If you’re eligible, your credit counselor may enroll you in a debt management plan (DMP). This is a type of repayment plan in which your credit counselor can negotiate with your creditors on your behalf to dismiss fees or lower your interest. With a DMP, you can typically pay off your debts within three to five years.
The U.S. Department of Justice offers a list of approved credit counseling agencies in Arizona that offer everything from financial education to debt management programs. The National Foundation for Credit Counseling (NFCC) can also help you connect with a credit counselor free of charge.
Arizona residents can roll various debts into a single account in what’s known as debt consolidation. This can be done with debt consolidation loans and balance transfer credit cards.
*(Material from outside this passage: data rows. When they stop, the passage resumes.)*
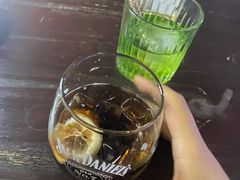 -Release bar 释放酒吧 (哈西万达店)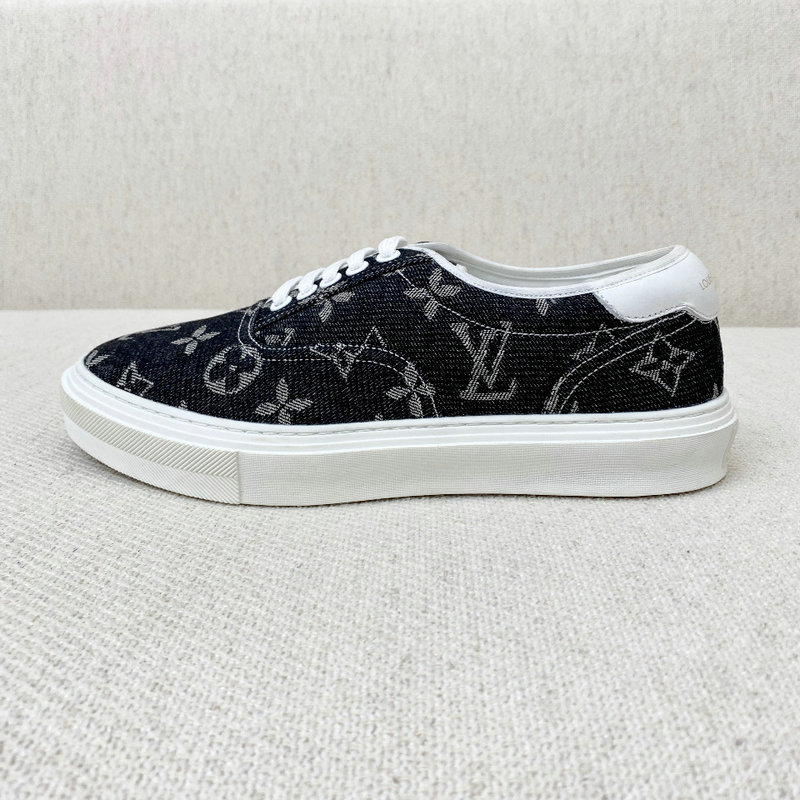 LV Shoes 2009SH0101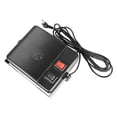 thumbnail image 1 of Mini Altavoz Externo Sunnimix FT-1802M FT-8800R Conector de 3,5 mm, 1 of 8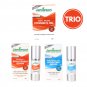 Jamieson Beauty Serums Trio is a set of three facial serums! -From Canada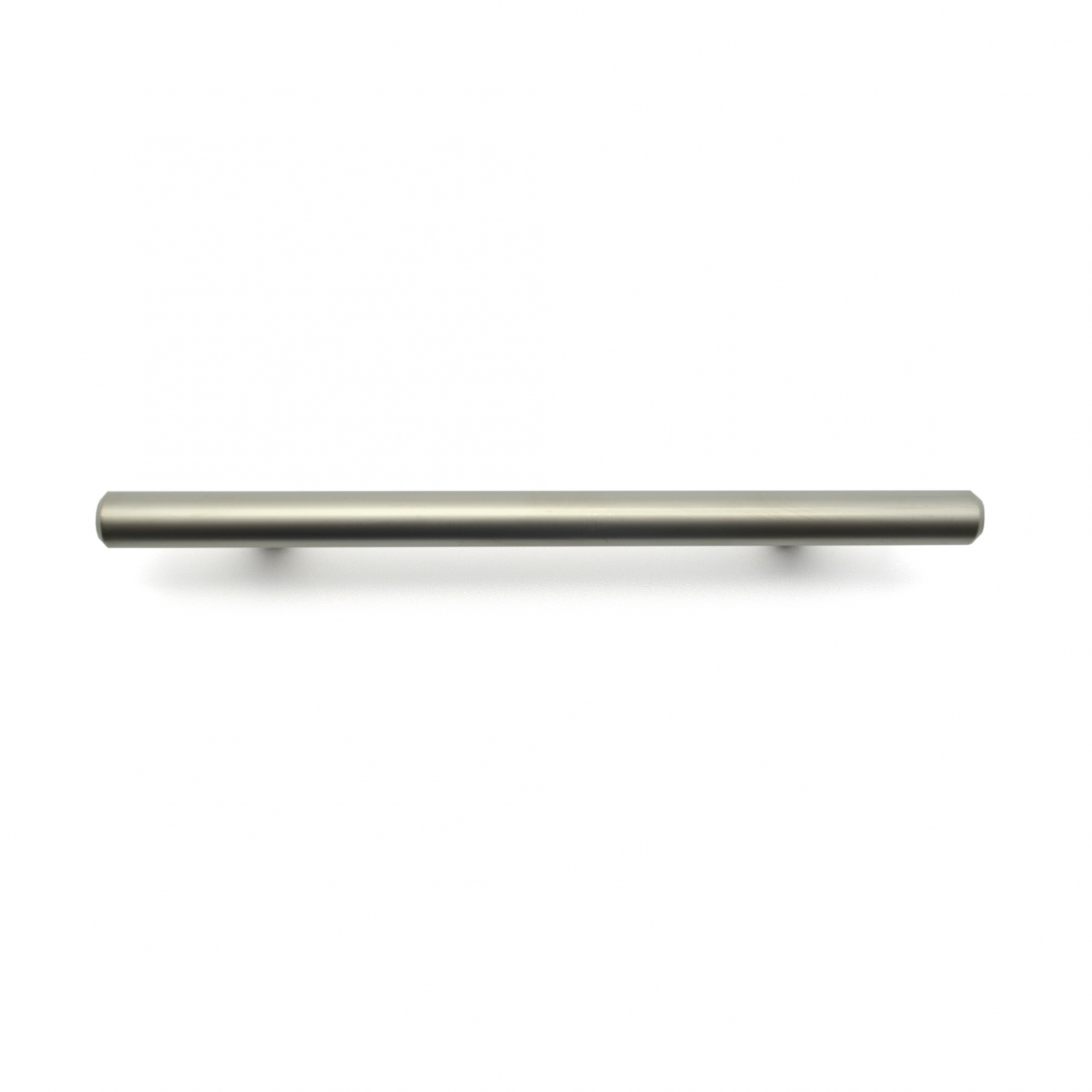 Ручка мебельная рейлинг SOLLER 8926-96 сатин d-10 мм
- Debt consolidation loans are a type of personal loan where you can package multiple debts together into one loan, ideally with a lower annual percentage rate (APR) than what you were previously paying. These loans come with fixed APR and minimum monthly payments. Debt consolidation loans are typically unsecured, meaning you won’t have to put down collateral, but lenders will lean more heavily on your credit score and history before approving you.
- Balance transfer credit cards often come with 0% intro APR. With this route, you can move multiple debts onto one credit card. If you qualify for a card with 0% intro APR, you won’t have to worry about paying interest on your balance when you first open the card. However, once the promotional period ends, you’ll begin paying interest.
Debt settlement is a relief option you can take if your bills are long past due. During this process, you can negotiate with your creditors to settle your debts for less than what you originally owe.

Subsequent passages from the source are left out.